"I CAN only describe it as a living hell."

The despair in Mark Bambrough's voice is clear, as he describes trying to cope with a daughter who has what is known as a phobia of speaking.

Despite living in the same house as her parents, the 19-year-old doesn't speak to either of them. She has struggled with selective mutism (SM) since childhood, leading to depression and obsessive compulsive disorder (OCD).

According to NHS guidance, SM is an anxiety disorder that prevents children speaking in certain social situations, such as school lessons or in public. Often they speak freely to family and friends at home. While the term 'selective mutism' implies choice, the guidelines say SM isn't about voluntarily refusing to speak, but being unable to speak, feeling frozen, in situations that provoke it.

It affects one in 150 children, usually starting at primary school age. Often they have other fears or social anxieties and may have additional speech or language difficulties. If left untreated, it can continue into adulthood.

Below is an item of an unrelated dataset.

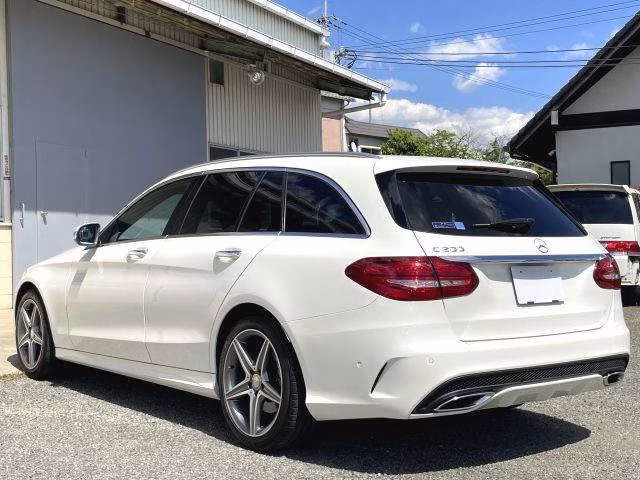MERCEDES-BENZ C-CLASS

Mark became aware of his daughter's condition when she became unusually quiet at her Great Horton primary school. "She was okay at home but we noticed a change in her last year," he says. "She wasn't mixing and was anxious."

When she moved up to secondary school, the anxiety became too much for Mark's daughter and she was home schooled.

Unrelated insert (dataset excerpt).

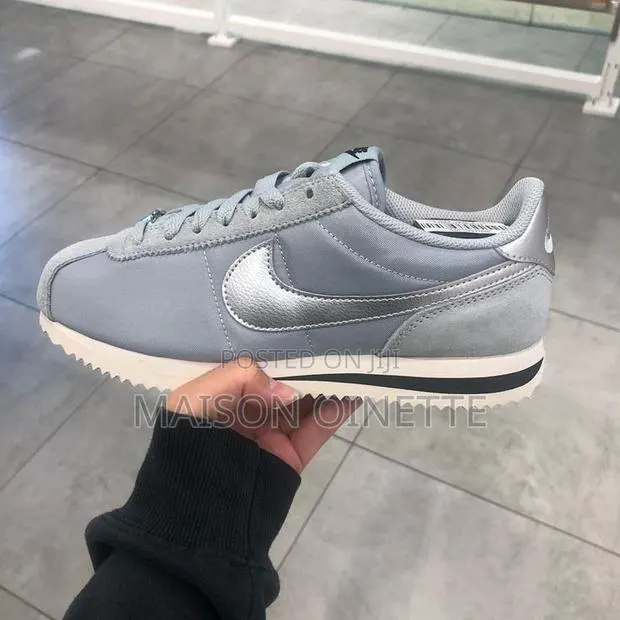 Nike Womens Cortez TXT Light Pumice · Photo 1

"When children with SM reach 13 or 14 the normal anxieties of adolescence are magnified; they don't want to draw attention to themselves and become compliant, giving closed answers. This is often mistaken for shyness or rudeness," he says.

It was watching television documentary My Child Won't Speak, about three children with SM, in 2010 that Mark to learn more about the condition. Now he's trying to raise awareness and help schools spot the signs.

"It is the most misunderstood and misdiagnosed of all mental health issues, and if not detected the onset can be transitory and lifelong," says Mark. "It's a complex condition but relatively easy to treat, if caught early enough. It occurs out of the home in the early years, usually when a child starts school, and if it's not picked up on they learn to become silent. By the time they've got to 11 or 12 it can be too late. If left untreated, it will trawl other attachments such as OCD and depression. This is where my daughter is now, and we're still trying to get the appropriate service for her.

"Her OCD is so controlling she can't take her medication. It can take her hours to eat a meal. We need to get her into a respite situation to try and break the OCD, but we can't make her have therapy.

"In the last couple of years she has become very silent with us. We feel like our lives are on hold."

Mark's daughter was referred to the Child and Adolescent Mental Health Service, but he says there is limited understanding of SM.

"Hundreds of thousands of pounds has been spent on her through the NHS. If this had been sorted at primary school level it would've cost just a couple of hundred pounds in training," he says."Why isn't there a service for SM when the prevalence rates are the same as other disorders like ADHD, Tourette's and autism?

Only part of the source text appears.